Select, weight and analyze complex sample data

Overview

Sample Analytics

docs

In large-scale surveys, often complex random mechanisms are used to select samples. Estimates derived from such samples must reflect the random mechanism. Samplics is a python package that implements a set of sampling techniques for complex survey designs. These survey sampling techniques are organized into the following four sub-packages.

Sampling provides a set of random selection techniques used to draw a sample from a population. It also provides procedures for calculating sample sizes. The sampling subpackage contains:

  • Sample size calculation and allocation: Wald and Fleiss methods for proportions.
  • Equal probability of selection: simple random sampling (SRS) and systematic selection (SYS)
  • Probability proportional to size (PPS): Systematic, Brewer's method, Hanurav-Vijayan method, Murphy's method, and Rao-Sampford's method.

Weighting provides the procedures for adjusting sample weights. More specifically, the weighting subpackage allows the following:

  • Weight adjustment due to nonresponse
  • Weight poststratification, calibration and normalization
  • Weight replication i.e. Bootstrap, BRR, and Jackknife

Estimation provides methods for estimating the parameters of interest with uncertainty measures that are consistent with the sampling design. The estimation subpackage implements the following types of estimation methods:

  • Taylor-based, also called linearization methods
  • Replication-based estimation i.e. Boostrap, BRR, and Jackknife
  • Regression-based e.g. generalized regression (GREG)

Small Area Estimation (SAE). When the sample size is not large enough to produce reliable / stable domain level estimates, SAE techniques can be used to model the output variable of interest to produce domain level estimates. This subpackage provides Area-level and Unit-level SAE methods.

For more details, visit https://samplics.readthedocs.io/en/latest/

Usage

Let's assume that we have a population and we would like to select a sample from it. The goal is to calculate the sample size for an expected proportion of 0.80 with a precision (half confidence interval) of 0.10.

from samplics.sampling import SampleSize

sample_size = SampleSize(parameter = "proportion")
sample_size.calculate(target=0.80, half_ci=0.10)

Furthermore, the population is located in four natural regions i.e. North, South, East, and West. We could be interested in calculating sample sizes based on region specific requirements e.g. expected proportions, desired precisions and associated design effects.
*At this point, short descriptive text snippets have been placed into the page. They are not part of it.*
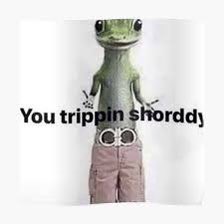 2bitsuperspy's tweet photo. @toothandniallx I’m good! I’m grown and don’t support gross people https://t.co/O9r3L96UlT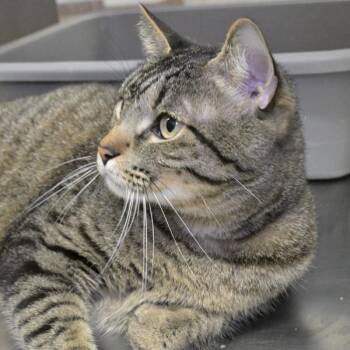 Tiger -  Domestic Short Hair Cat for Adoption in Austin, Texas - Tiger | PetCurious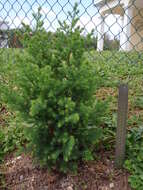 Imagem de Juniperus bermudiana L.
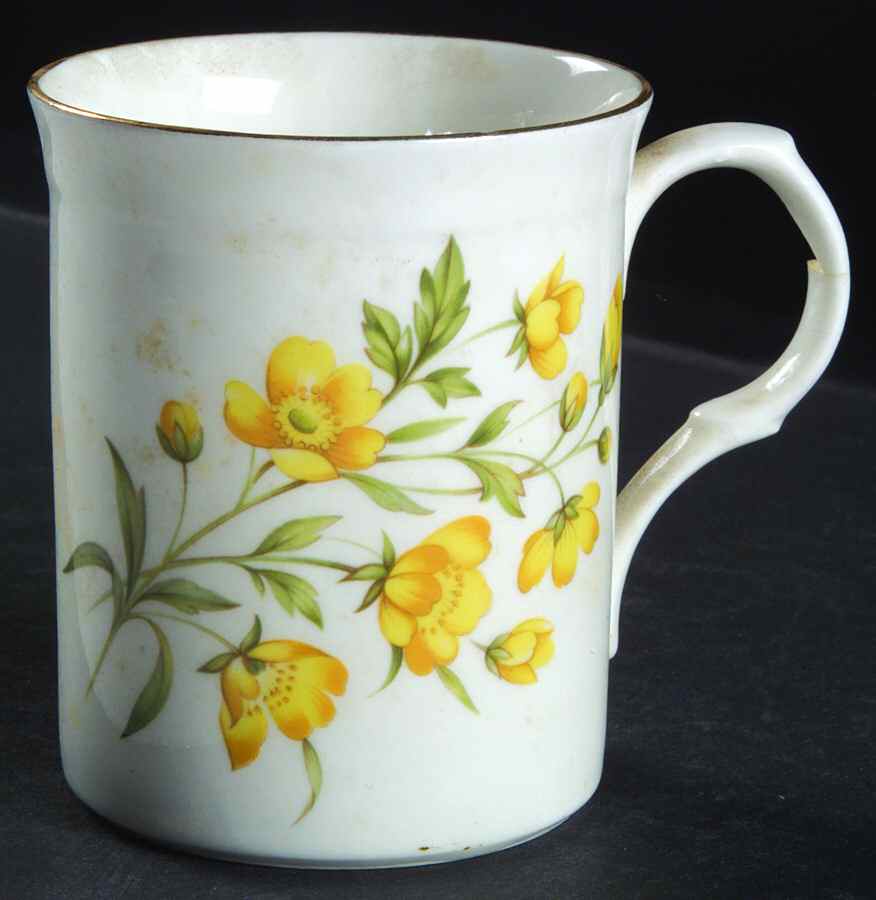 Various Mugs Only Mug by Crown Trent-1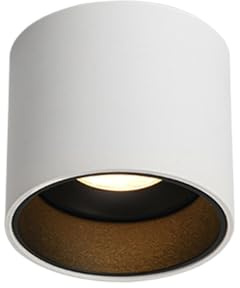 SKYGOO Faretti rotondi a testa singola, luci per centri commerciali da 10 W, fari antiriflesso montati su superficie, lampada per protezione degli occhi per soggiorno, camera da letto, faretti per sal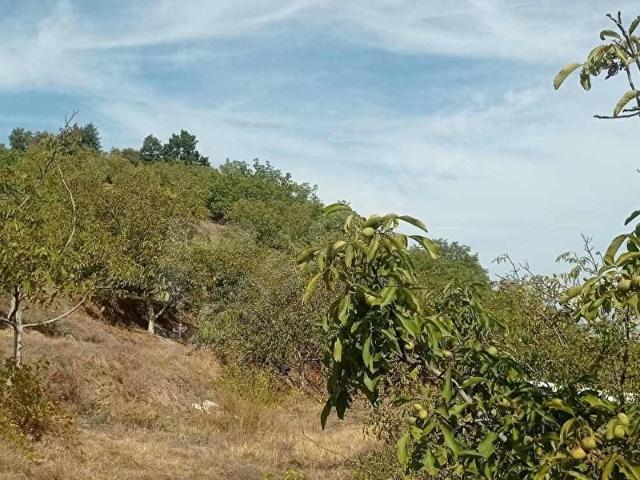 Subaşı Mahallesi, Turgutlu içerisinde satılık Arsa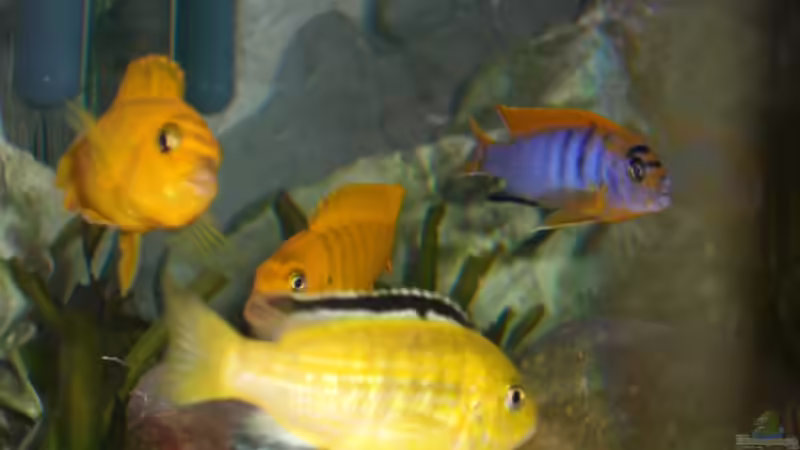 Besatz im Aquarium Becken 5110 von maggo 28 (47)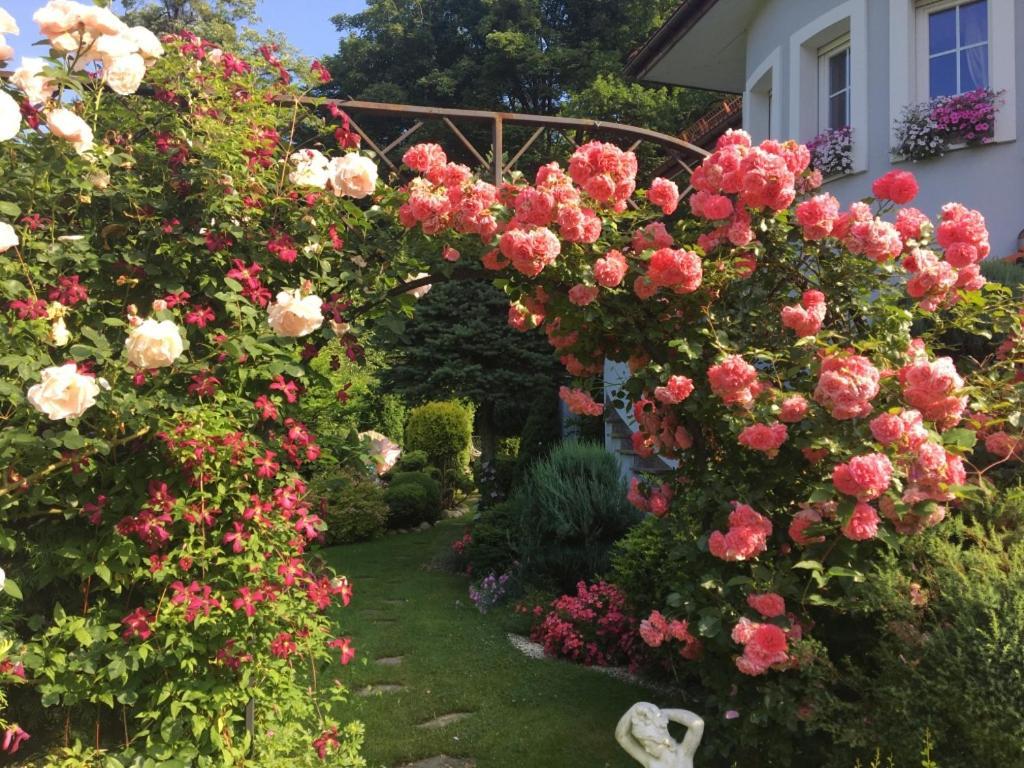 Domek I Apartamenty Zacisze Brenna Buitenkant foto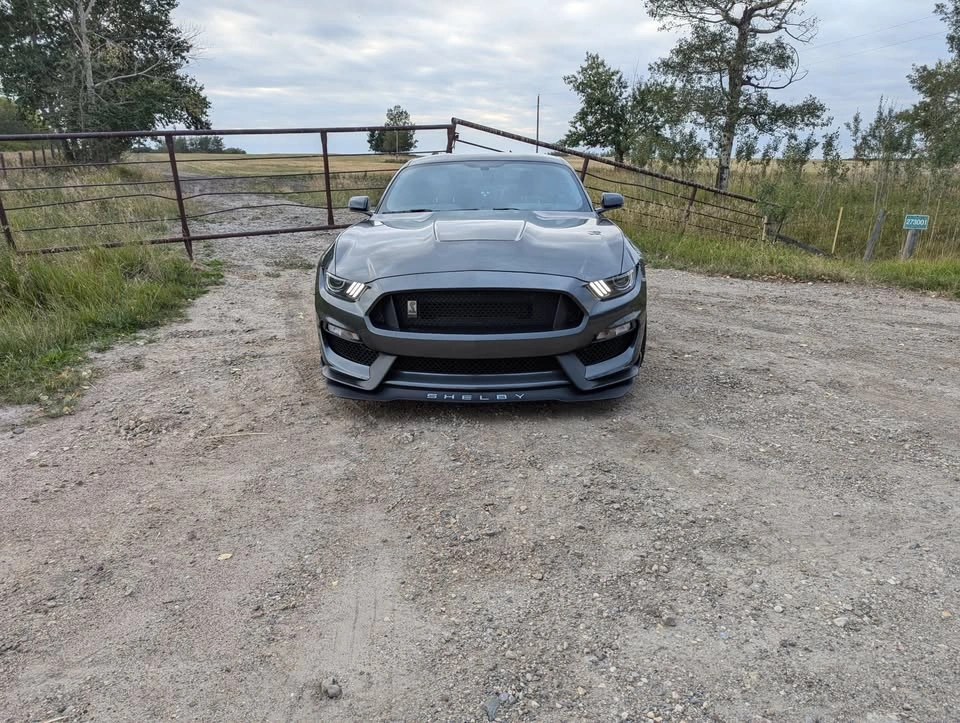 2019 Ford Shelby GT350 - photo 3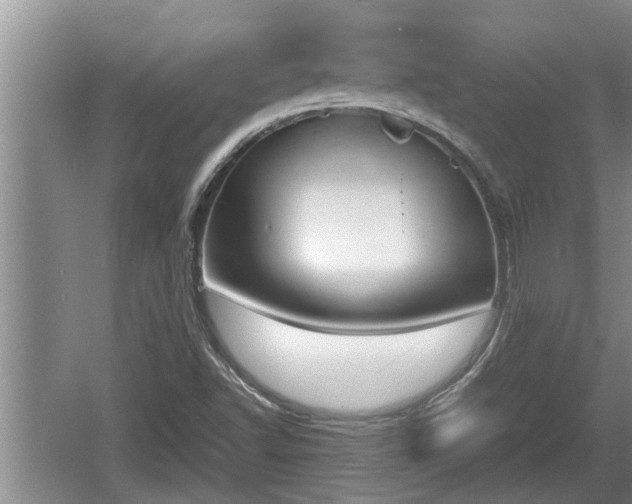 X0000060801502200511171228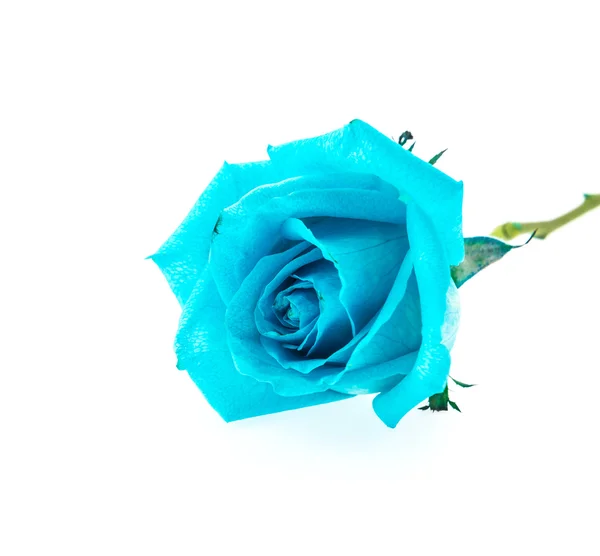 Blue rose — Stock Photo, Image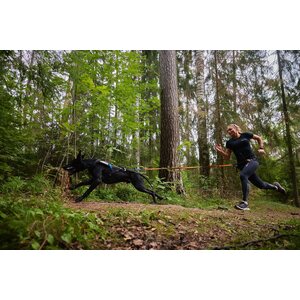 Non-stop dogwear Bungee Leash 2.0 2,8 m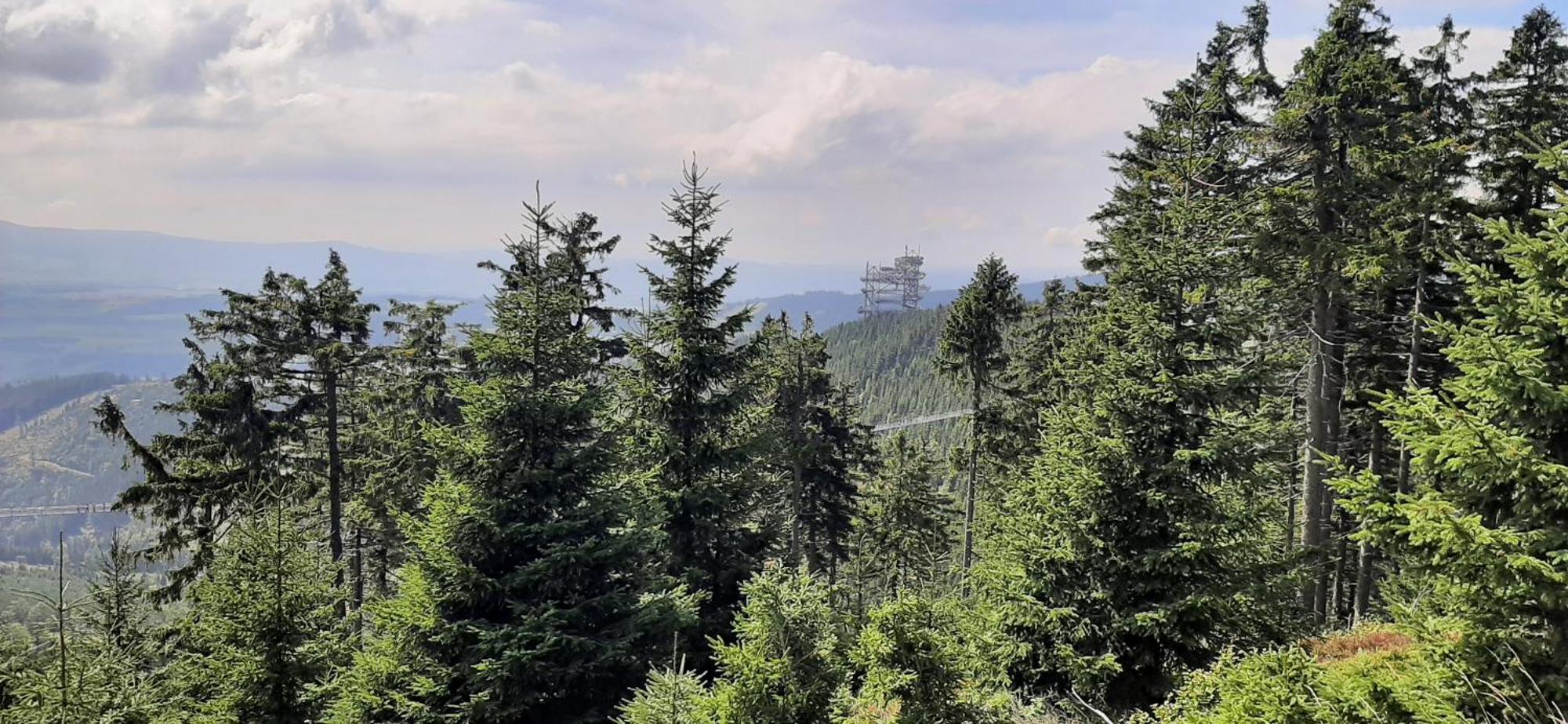 Dantar Hotel Kudowa Zdroj Luaran gambar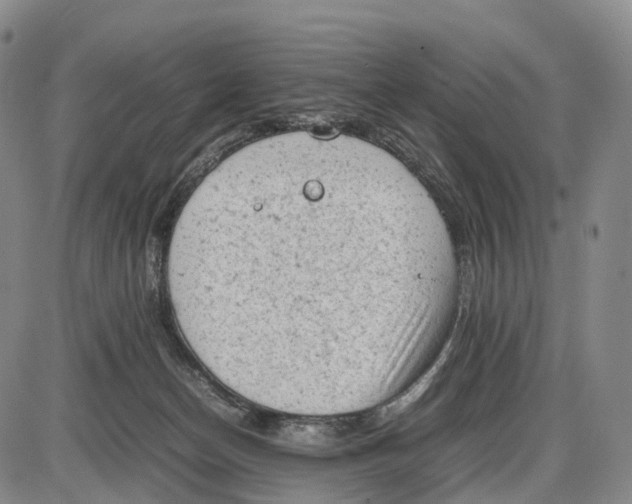 X0000085010174200703261204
from samplics.sampling import SampleSize

sample_size = SampleSize(parameter="proportion", method="wald", stratification=True)

expected_proportions = {"North": 0.95, "South": 0.70, "East": 0.30, "West": 0.50}
half_ci = {"North": 0.30, "South": 0.10, "East": 0.15, "West": 0.10}
deff = {"North": 1, "South": 1.5, "East": 2.5, "West": 2.0}

sample_size = SampleSize(parameter = "proportion", method="Fleiss", stratification=True)
sample_size.calculate(target=expected_proportions, half_ci=half_ci, deff=deff)

To select a sample of primary sampling units using PPS method, we can use code similar to the snippets below. Note that we first use the datasets module to import the example dataset.

# First we import the example dataset
from samplics.datasets import load_psu_frame
psu_frame_dict = load_psu_frame()
psu_frame = psu_frame_dict["data"]

# Code for the sample selection
from samplics.sampling import SampleSelection

psu_sample_size = {"East":3, "West": 2, "North": 2, "South": 3}
pps_design = SampleSelection(
   method="pps-sys",
   stratification=True,
   with_replacement=False
   )

psu_frame["psu_prob"] = pps_design.inclusion_probs(
   psu_frame["cluster"],
   psu_sample_size,
   psu_frame["region"],
   psu_frame["number_households_census"]
   )

The initial weighting step is to obtain the design sample weights. In this example, we show a simple example of two-stage sampling design.

import pandas as pd

from samplics.datasets import load_psu_sample, load_ssu_sample
from samplics.weighting import SampleWeight

# Load PSU sample data
psu_sample_dict = load_psu_sample()
psu_sample = psu_sample_dict["data"]

# Load PSU sample data
ssu_sample_dict = load_ssu_sample()
ssu_sample = ssu_sample_dict["data"]

full_sample = pd.merge(
    psu_sample[["cluster", "region", "psu_prob"]],
    ssu_sample[["cluster", "household", "ssu_prob"]],
    on="cluster"
)

full_sample["inclusion_prob"] = full_sample["psu_prob"] * full_sample["ssu_prob"]
full_sample["design_weight"] = 1 / full_sample["inclusion_prob"]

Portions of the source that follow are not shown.